La partidocracia secuestra lo político y entrega la potestad de la acción política (con todos los poderes no separados) en exclusiva a los partidos. Los votantes observan con estupor cómo los partidos que afirman falsamente representarles traicionan una y otra vez sus compromisos actuando según su interés oportunista. Es por ello que el Estado de partidos es un régimen de frustración, ya que no cumple una función de enlace entre lo político (la sociedad)  y la política (lo que demanda). Para solventar este cortocircuito entre la Nación y el Estado, el régimen de partidos emplea la técnica “goebbeliana” de la mentira, herramienta fundamental en todo sistema de poder partidocrático tras la derrota del nazismo.

¿Cómo se puede mantener vivo durante tanto tiempo un régimen enrocado en la mentira? Mediante la demagogia, la sobrecarga de información simplificada y, sobretodo, generalizando la ignorancia. La partidocracia trata de hacer cómplice de sus fechorías a la sociedad civil, intenta corromperla para inmunizarse ante una posible situación de  rebeldía, provocando con ello el paso de un “estado de frustración” a un “estado de amargura” colectiva. La amargura lleva a la indignación, emoción inútil, cuando los súbditos, sabedores de su desamparo, padecen la impotencia que ocasiona su ignorancia, su esclava dependencia del Estado, ajeno a su control, droga que los ha hecho adictos a la mentira de lo que nunca fue posible ni creíble, el Estado de bienestar prometido por el “consenso”. Por ello no es de extrañar que la partidocracia sea el régimen de la manifestación callejera, del pataleo infantil, el régimen de las encuestas, de la infinita tormenta de ideas que no llevan a ninguna parte, un callejón sin salida en el que la gente da vueltas mientras los partidos observan desde la atalaya de lo público, el viejo balcón de los dictadores.

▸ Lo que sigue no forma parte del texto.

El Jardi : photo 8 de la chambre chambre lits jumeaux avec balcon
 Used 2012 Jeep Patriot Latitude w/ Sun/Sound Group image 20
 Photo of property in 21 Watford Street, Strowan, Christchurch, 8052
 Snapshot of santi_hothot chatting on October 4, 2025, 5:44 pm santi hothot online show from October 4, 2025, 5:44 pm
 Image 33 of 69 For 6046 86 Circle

Atrincherados en su fortaleza, los partidos tratan de perpetuar su poder relativizando la verdad, la vida, la libertad, el bien, ocultando lo puro, lo positivo, aquellos principios entre los que se halla la libertad política. Todo parece gris, porque el blanco y el negro no se permiten por separado, la verdad llega a estar perseguida, porque despierta lo político, porque la verdad es el fuego que amenaza a los partidos y a su imperio de poder falaz y totalitario, generador de una frustración, una amargura  y una indignación que sólo les explota en el momento que se acaba el pan y el circo. Es entonces cuando la gente descubre que se ha cumplido la parábola que dice: “quitadle pues el talento y dádselo al que tiene diez.  Porque a todo el que tiene se le dará y le sobrará, pero al que no tiene, aún lo que tiene se le quitará. Y a ese siervo inútil, arrojadlo a las tinieblas exteriores. Allí habrá llanto y crujir de dientes”. Si renuncias a la libertad política a cambio de que el Estado te “mantenga”, la política (la partidocracia) te quitará hasta lo poco que tengas. Para evitar esta terrible situación, se inventó la democracia; inédita en España.